Jesse spenge la sigaretta seppellendola nello stufato. “Si può rimanere leali a qualcuno anche se non ti fidi più” borbotta.
‘Fa quasi tenerezza’, pensa Gus. ‘È praticamente un adolescente un po’ cresciuto che si farebbe uccidere qui ed ora pur di non mostrare i suoi sentimenti’
Nessuno parla per un minuto buono, prima che Jesse appoggi la schiena contro la sedia e alzi gli occhi al cielo con un sospiro. “Non c’è niente tra noi. È solo che… Abbiamo iniziato insieme tutto questo. Perciò, se deve finire, che finisca allo stesso modo per entrambi. Via uno, via l’altro”
Gus non ha bisogno di sentire altro. Dopo averlo accompagnato alla porta, torna in sala da pranzo con un sorriso sornione.
Ora che anche l’ultimo tassello è al suo posto, può permettersi di trattare il problema del cartello con meno apprensione: c’è davvero qualcosa in Jesse Pinkman, e non è solo la lealtà, come aveva ipotizzato all’inizio. E adesso gli viene dal ridere, se pensa che all’inizio la cosa che più lo aveva preoccupato riguardo quel ragazzo era la sua tossicodipendenza. Ma il suo problema non sono le droghe. È dipendente, sì, ma da qualcos’altro.
Se Jesse è il cancro di Walter, Walter è la dipendenza di Jesse. Naturale che siano nocivi l’uno per l’altro. Inevitabile che finiranno per uccidersi a vicenda, prima o poi. Hanno solo bisogno di una piccola spinta e Gus gliel’ha data, mettendo Jesse sotto l’ala di Mike e allontanandolo da Walter, facendolo sentire protetto e parte di qualcosa, dandogli un ruolo e una missione da svolgere. Non ha neanche più bisogno di metterli uno contro l’altro, ormai. Faranno tutto da soli. Lui deve solo aspettare.

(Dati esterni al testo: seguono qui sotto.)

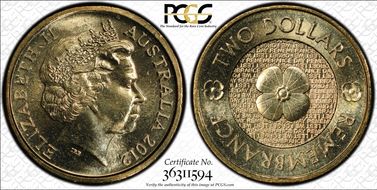 2012 $2 Remembrance Day MS67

Con sua grande sorpresa realizza che un po’ gli dispiace per Jesse, perché glielo ha letto negli occhi quello che è capace di provare, ed è ingiusto che quei sentimenti così giovani e puri vengano diretti verso un uomo vecchio, malato e spregevole.
‘Che spreco’, pensa.
Sta per dirigersi verso la cucina quando l’occhio gli cade sullo stufato che Jesse ha lasciato sul tavolo, la cicca ancora piantata nel mezzo. Prende il piatto in mano e lo esamina. Quel povero ragazzo avrà fatto sì e no tre bocconi.
“Già,” mormora fra sé, “che spreco”
Lascia cadere il contenuto nella pattumiera.
 
 
Angolo Autrice
Piccolo chiarimento non richiesto: il momento in cui Jesse, seduto al tavolo, fissa prima il pacchetto di sigarette e poi Gus per una frazione di secondo, è il momento in cui si ricorda che Walt gli ha dato la sigaretta alla ricina, anche se come sappiamo lui non la userà.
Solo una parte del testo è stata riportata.